The mapping relation of the haptic device position and the robot hand joint angle is as follows:

$$ P_{RHi} (k) = k_{p} \sum\limits_{t = 0}^{k} {\varDelta P_{Falcon\_z} } + P_{RHi} (0) $$
(1)

where P RHi (k) is the current robot hand position of the finger i (i = 1, 2, 3, spread) at k moment and P RHi (0) is the initial position of the finger. ΔP Falcaon_z is the z position (or y position for spread) difference of haptic device between current moment and previous moment. k p is the mapping coefficient which is 14.65 rad/m in our system. This value is calculated based on the workspace of haptic device and the robot hand. It is adjusted according to precision requirement of robot hand grasp.

2.3 Force Feedback

The strain gage properties of BarrettHand represent the torques applied on the fingers. The grasp force is calculated by these properties. The grasp force on the fingertip F RHi is calculated using the strain gage value S sgi (2), assuming the contact point is exactly at the fingertip. All the grasps in the experiment are fingertip grasps that only the fingertip can contact the object.

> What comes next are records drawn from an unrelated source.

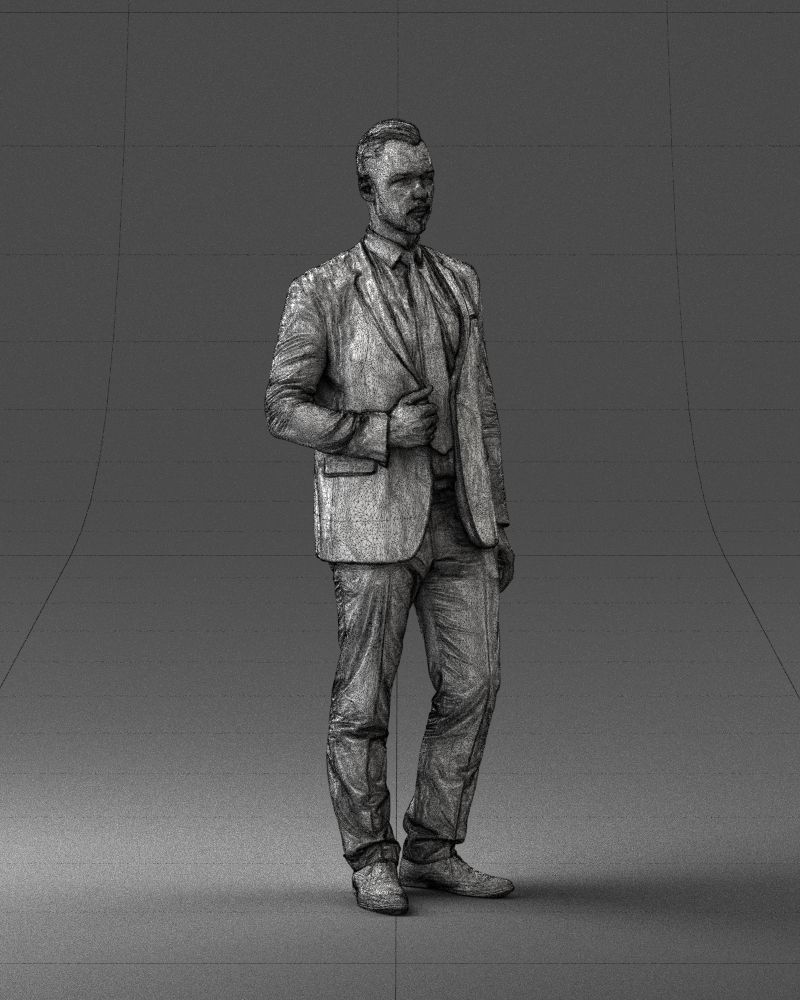 Man in a blue business suit 0298 3D model_8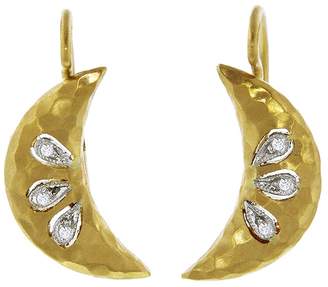 Cathy Waterman Diamond Crescent Moon Earrings - Yellow Gold
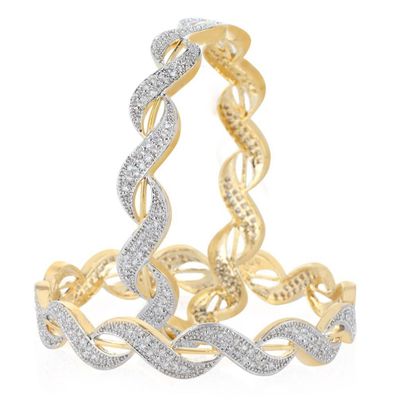 

JDX American Diamond Gold Plated Bangles Set for Girls and Women 2 6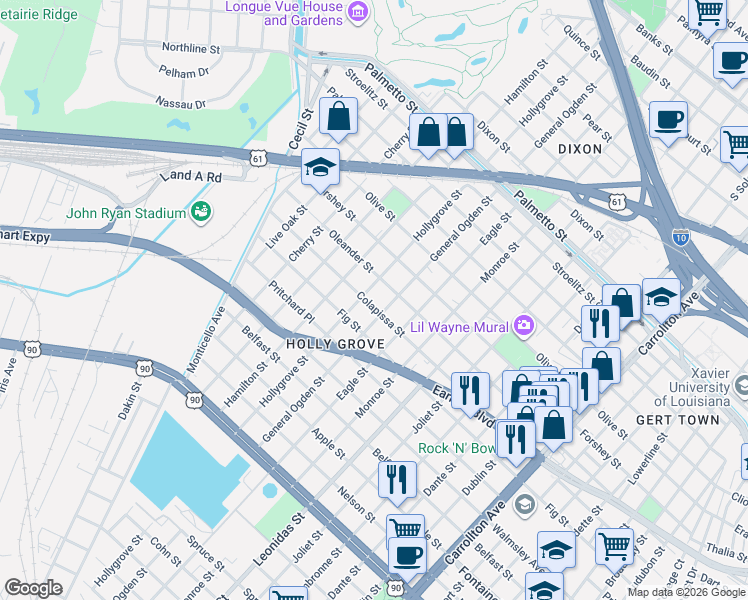 map of restaurants, bars, coffee shops, grocery stores, and more near 3120 General Ogden Street in New Orleans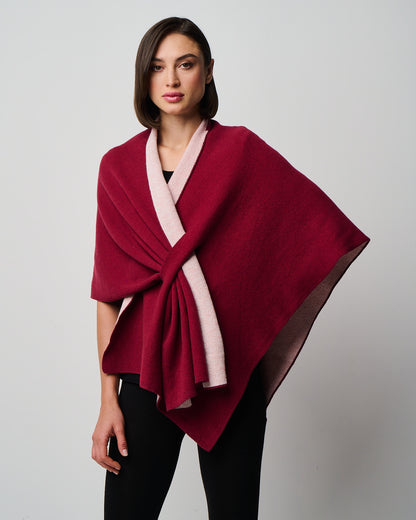 Ellen Merino/Cashmere Reversible Wrap with Loop (W303)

$$ F_{RHi} = k_{f} S_{sgi} $$
(2)

where i (i = 1, 2, 3) represents the fingers of BarrettHand. The unit of strain gage value obtained from the BarrettHand is count. The value ranges from 0 to 4000 and the initial value for each finger without load is about 2000. k f is a coefficient which converts the count number of strain gage value to grasp force.

The feedback force F Z in master side is calculated by averaging the grasp forces of three fingers.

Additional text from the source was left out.